Careful What You Say, Someone May Believe You

These words are about something not likely to do you any good – unless you are among those who write contracts for a living, or read them- and then only if the only thing on TV is the “Kardashians”. But if you have enough wine for something not often contemplated, this is for you.

I’ve improved my talent for reading non-verbal clues. I’m now up to about 15% accuracy in deciphering what you really mean when you tell only part of what you mean, or when you intentionally misdirect the message. That’s on a good day. Generally most of us impute meanings to messages, both spoken and non-spoken, and are just dead wrong. Yet paradoxically we all think we’re pretty good at that, probably for the same reason we all think we possess more common sense than we really do. It’s easy to think we’re really good at something when there is no way to prove we’re wrong. Have you noticed that sometimes the less evidence we have to prove our theory, the stronger we feel that we are right?

As an example, those who take being a Democrat seriously make projections about the motives of Republicans. Republicans make the same projections about Democrats. Imagine the confusion if they’re both right!

But as I so often do, I have diverted myself. The real purpose of this is to say that the miscommunication of which we are guilty is mostly informal. That is to say, it’s in what we say, what we think, and cleaned up only a little, in emails. Our more formal communication deserves more thought and clarity. Unfortunately, that’s the exception, not the rule. Here’s an example:

In a contract that was presented to me last week, a south Florida (read “foreigner”) lawyer sent me a contract for his client to sell a business. The parties had negotiated the contract for weeks. The Buyer had based his offer on the Seller’s financial statements, his history of business operations, overhead, profit, and all the other things a Buyer would want to know. But the contract followed a standard form that contained the provision that many forms contain that says “….. This writing contains all the terms and conditions of the transaction and all negotiations of the parties are merged into the provisions hereof”…. or some such dribble. The financial statements and other documents that caused the deal to be made were not part of the contract.

All I can say is “really”? You’ve spent all this time, based your deal on numbers given and promised to be accurate, and now your contract says those things are not to be included as part of the contract? Suppose the Buyer takes possession, begins to operate, and finds that the Seller just made up all those numbers, and now the Buyer has contracted away his right to rely on the Seller’s representations? What does that say about the Realtor, lawyer, or agent who documented that deal?

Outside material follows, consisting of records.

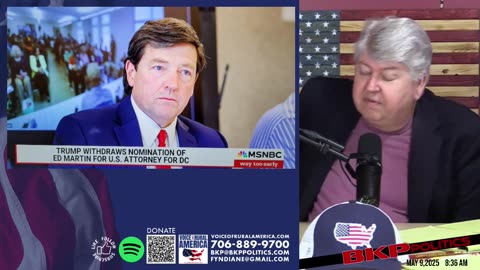 Voice of Rural America - REPLAY - May 9, 2025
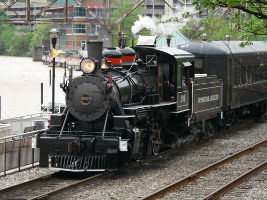 Three Rivers Rambler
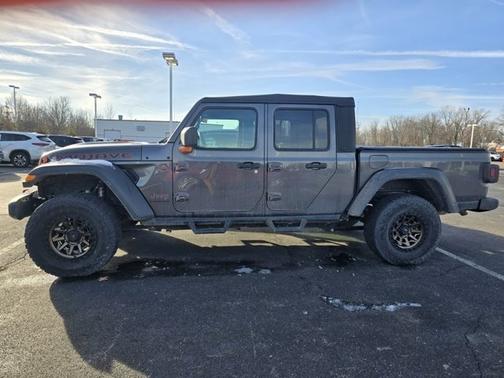 2023 Jeep Gladiator Mojave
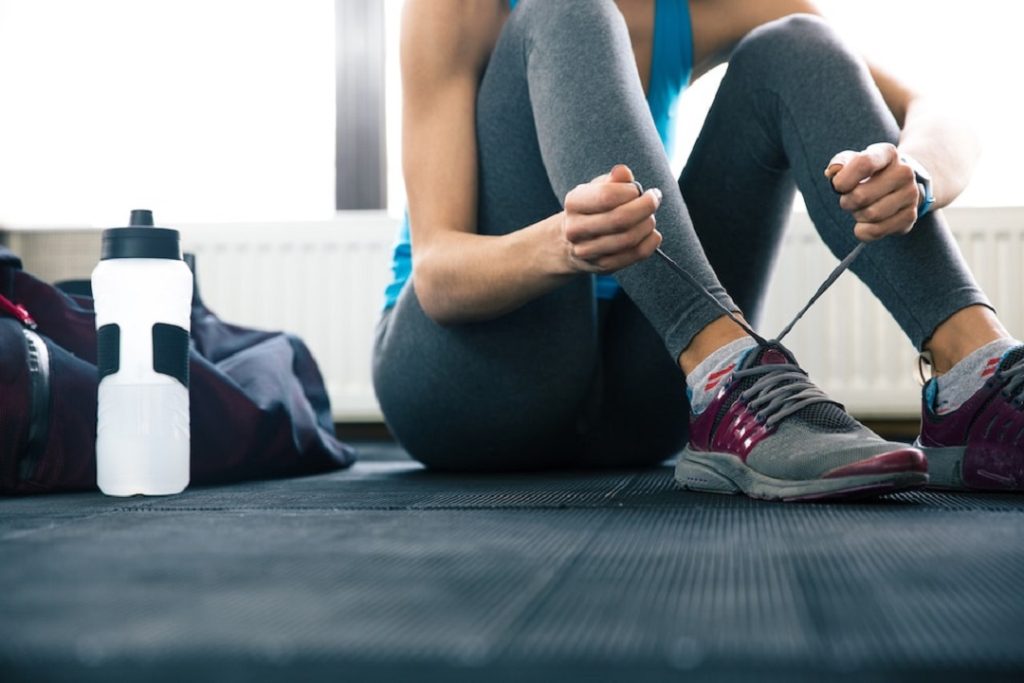 Can a Woman Over 50 Get in Shape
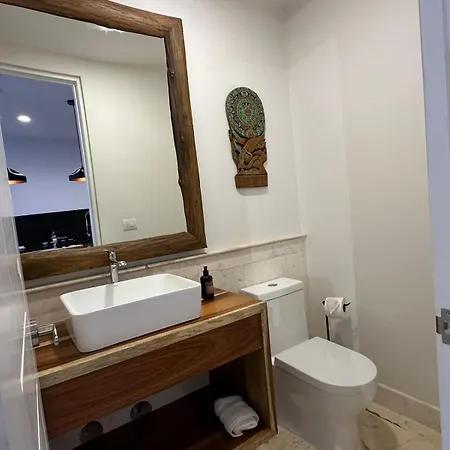 Apartment Garden Level Unit 101 Tulum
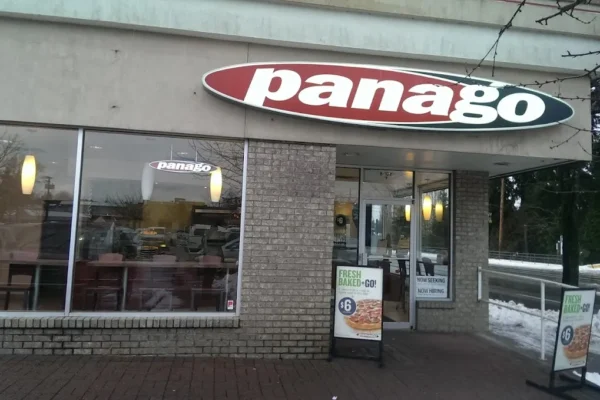 Panago Pizza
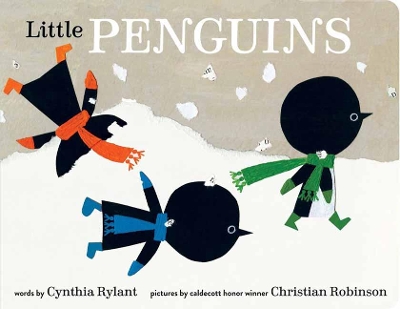 Little Penguins by Cynthia Rylant
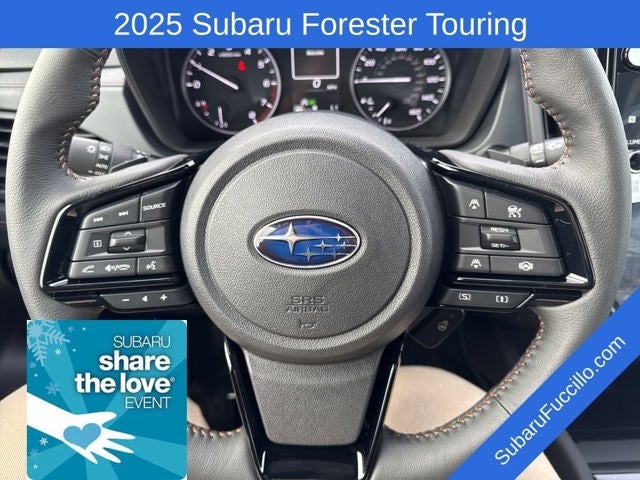 2025 Subaru FORESTER Touring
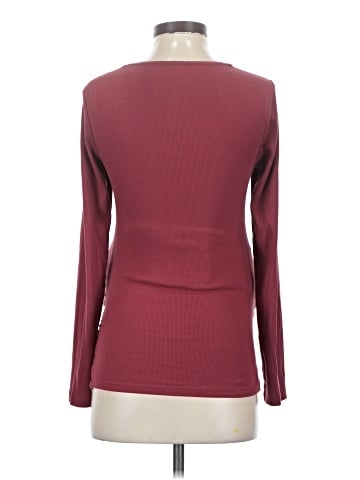 Old Navy - Maternity Long Sleeve Top (view 2)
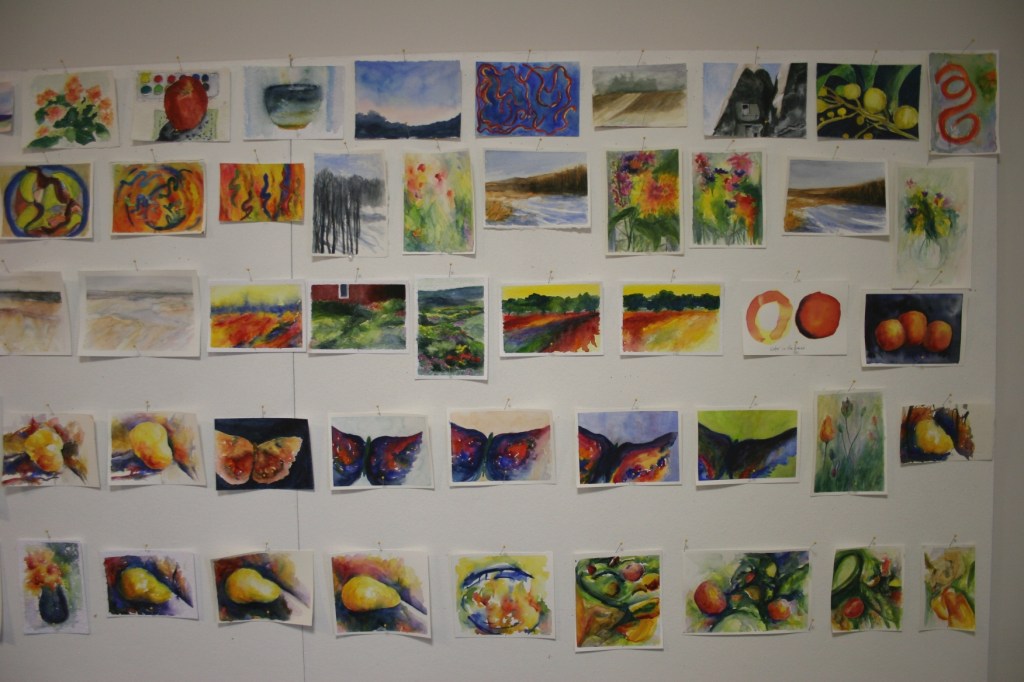 Studio, Kirsten Johnson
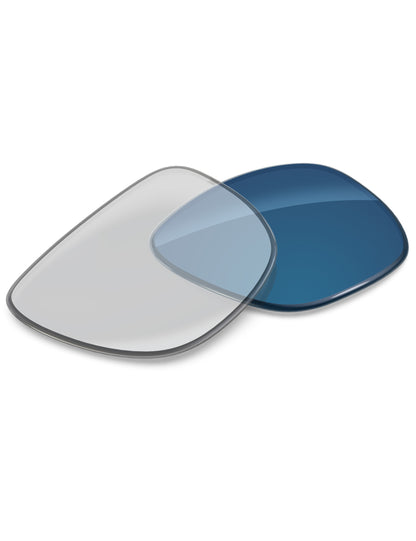 Adapt Blue Photochromic-Non-Polarized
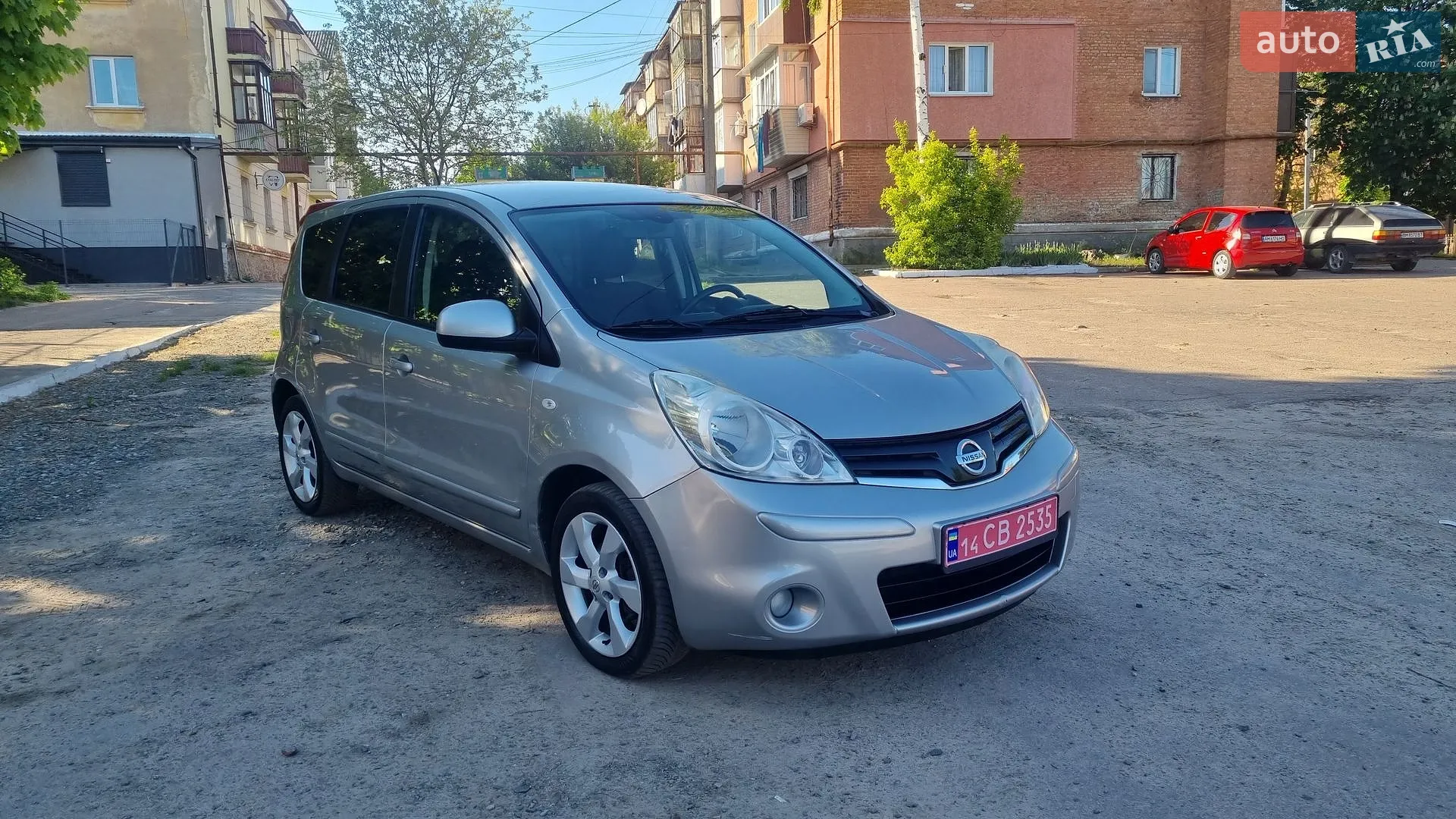 2010 Nissan Note - мініатюра 33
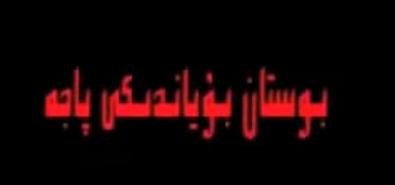 بوستان بويىدىكى پاجە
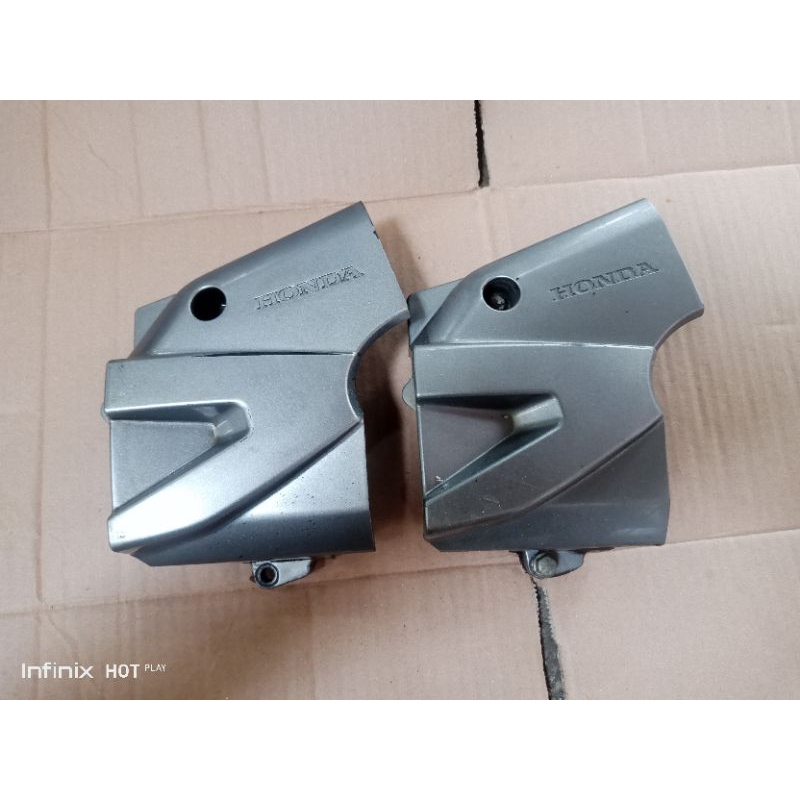 tutup gear depan Blade new original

One of two things: Either he was a seriously biased representative of the Seller, making it all the more important for the Buyer to weigh carefully every word in the agreement, or that he is just careless or hurried enough to use a form, making it again important for the Buyer to weigh every word carefully. Wouldn’t this contract have better expressed the intent of the parties had it said something like, “this writing incorporates by reference the financial statements, performance data, and documents of title exchanged between the parties prior to its execution”?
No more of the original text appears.